India’s benchmark 10-year bond yield shot up by 7 basis points (bps) to 6.94 % on Friday, up from the previous day’s close of 6.87%, raising concern over the possibility of a rise in inflation and monetary policy tightening by the central bank.

High Brent crude prices of over $ 100 per barrel intensified inflationary fears, while the rupee’s slide below 94 level against the dollar compounded pressure on the country’s fiscal and external balances amid the backdrop of ongoing war in the West Asia, which has rattled global markets and heightened risk aversion.

With Friday’s rise, bond yield has risen by 26 basis points in the last one month. Bond prices and yields move in opposite directions — when prices rise, yields fall and vice-versa. On the other hand, benchmark bond yield in the US has risen by 48 basis points to 4.42% in the last one month.

In Japan, the five-year yield rose 3 basis points to a record high of 1.770%, while the benchmark 10-year yield rose 3 bps to 2.300%.

The rise in yields in the last couple of days signals a swift repricing of risk by investors, who are now demanding higher returns to compensate for mounting uncertainties.

Elevated crude prices threaten to widen India’s current account deficit and strain public finances through higher import bills and potential subsidy burdens. If oil rises further, yield can even cross the 7% mark in the coming days, analysts said.

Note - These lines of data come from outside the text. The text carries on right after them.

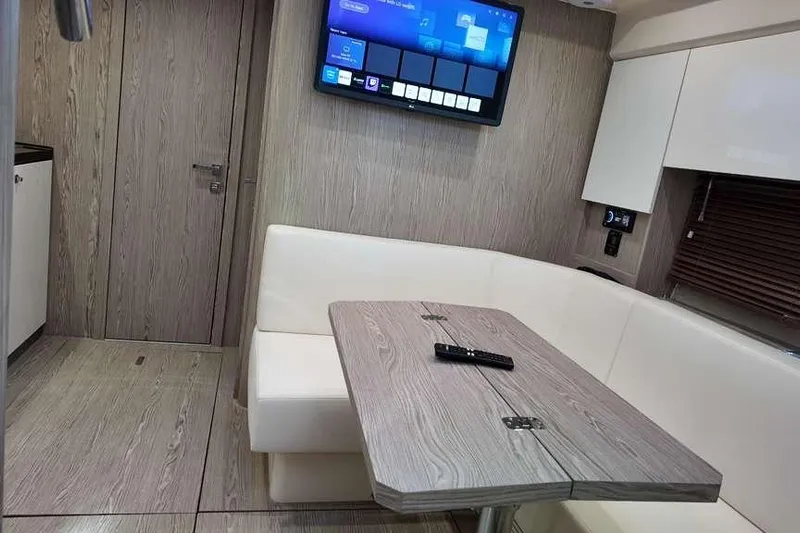  Yacht Photos Pics Interior of 2024 Sessa Marine C44 Cruiser with modern seating and wall-mounted TV.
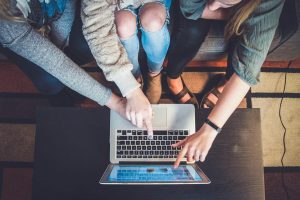 laptop with hands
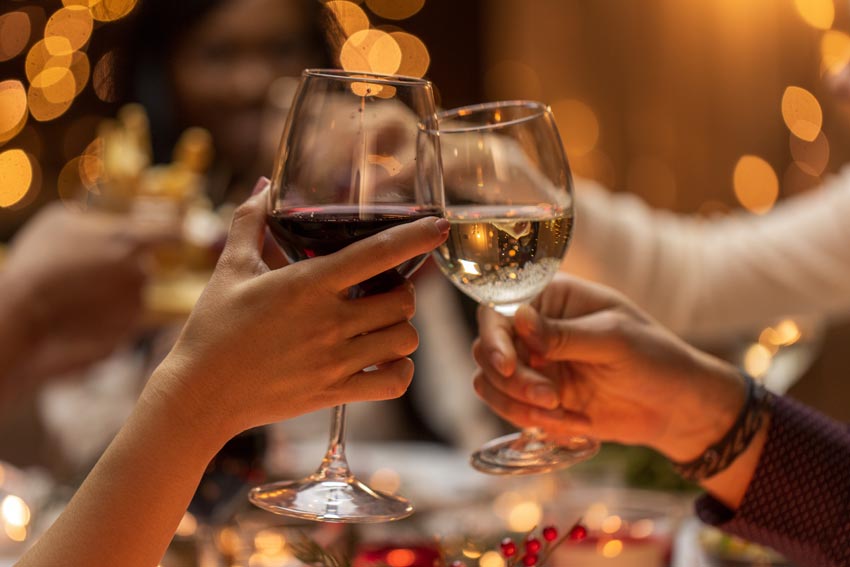 Zwei Hände mit jweils einem Glas Wein in der Hand stoßen an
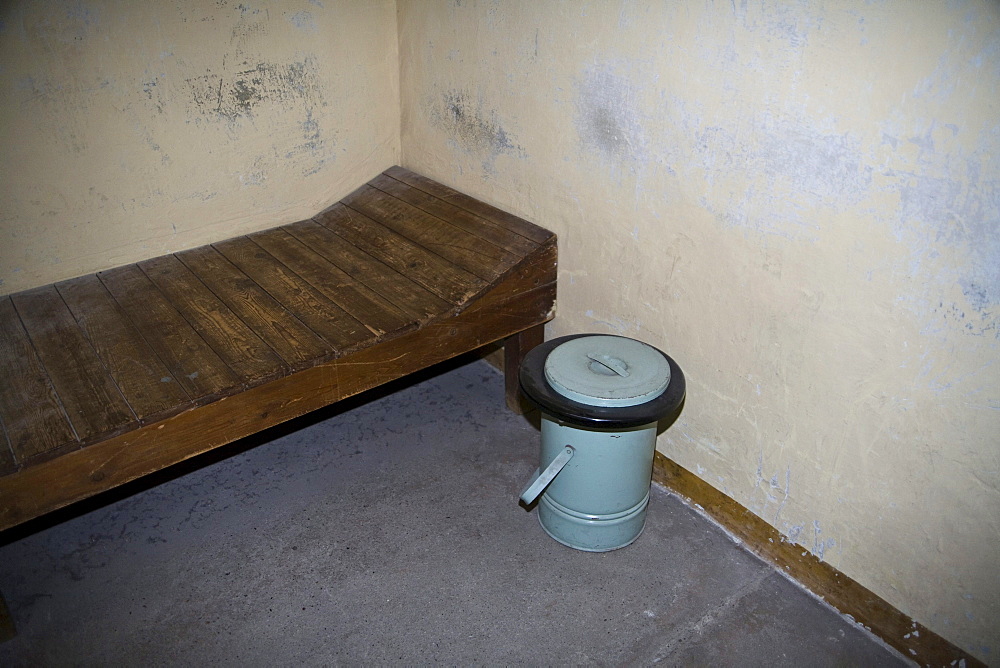 Cot with toilet bucket in a windowless cell for solitary confinement, Berlin-Hohenschoenhausen memorial, former prison of the GDR's secret service, Berlin, Germany, Europe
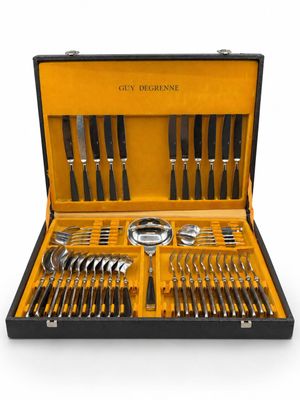 an image of a black case with silverware in it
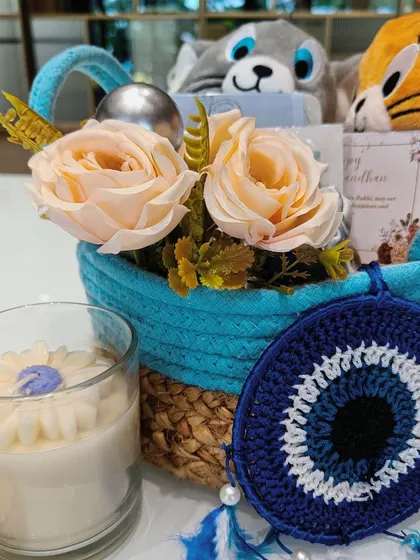 A closer look at the Tom & Jerry Rakhi hamper, showing the evil-eye dreamcatcher and a beautiful floral-scented candle, perfect for a sister who loves aesthetic decor.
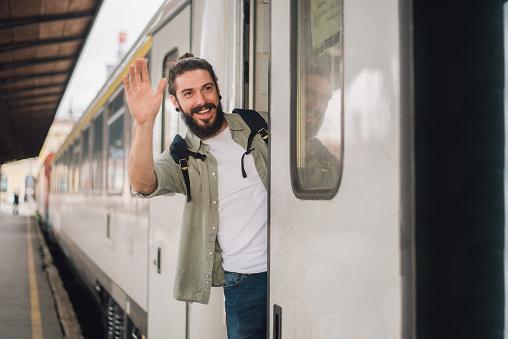 Man peeking from train and waving his hand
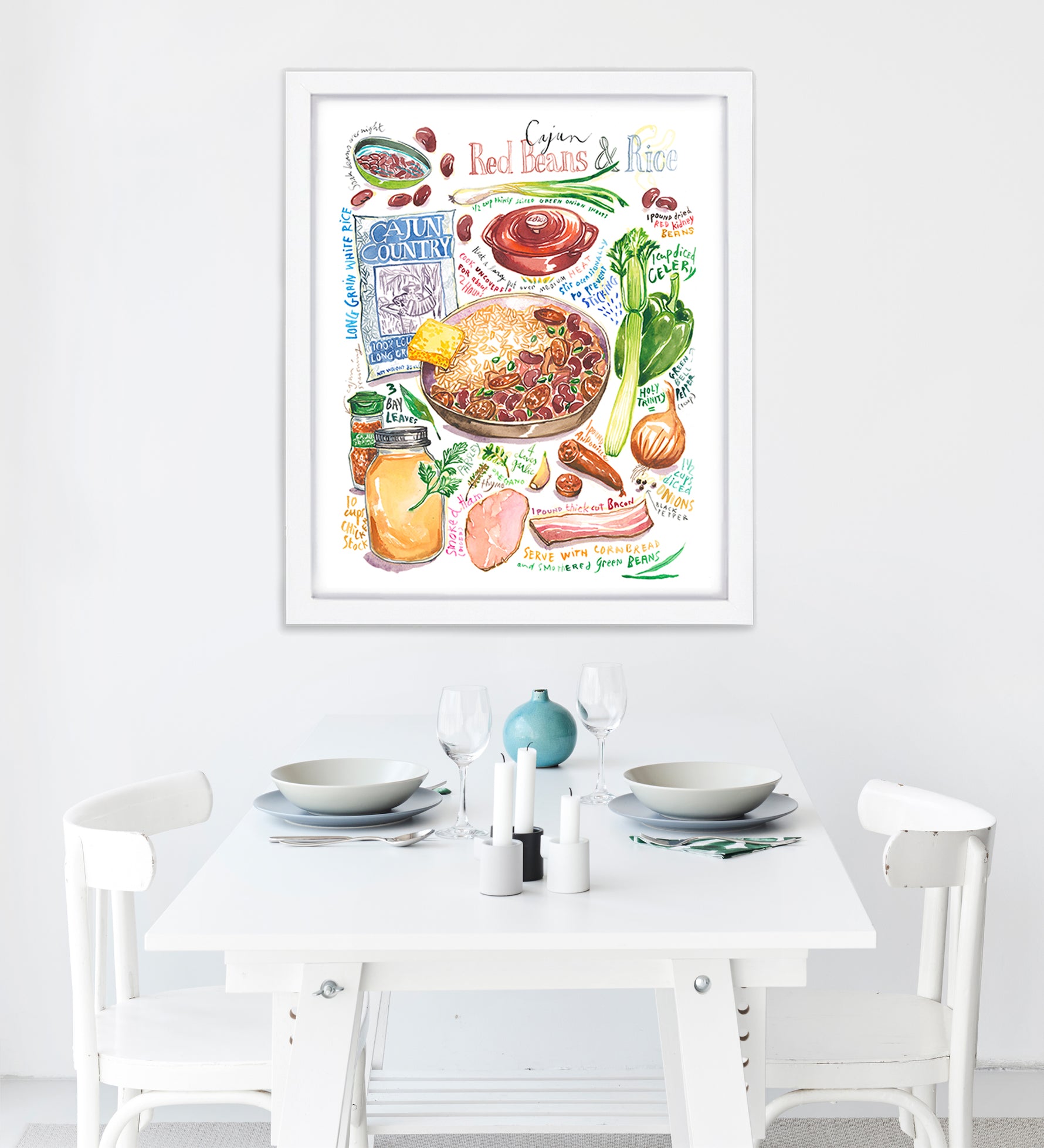 cajun red beans and rice recipe fine art print in watercolor featuring the ingredients and the finished dish, along with handwritten instructions in English. The framed poster hanging in a dining space.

At the same time, a weaker rupee makes imports costlier, feeding directly into domestic inflation. A sharp rise in bond yields typically means investors can expect higher inflation and the Reserve Bank of india (RBI) is likely to raise interest rates. Analysts said the bond market’s reaction reflects deep concern over the inflation trajectory and the possible policy response from the RBI.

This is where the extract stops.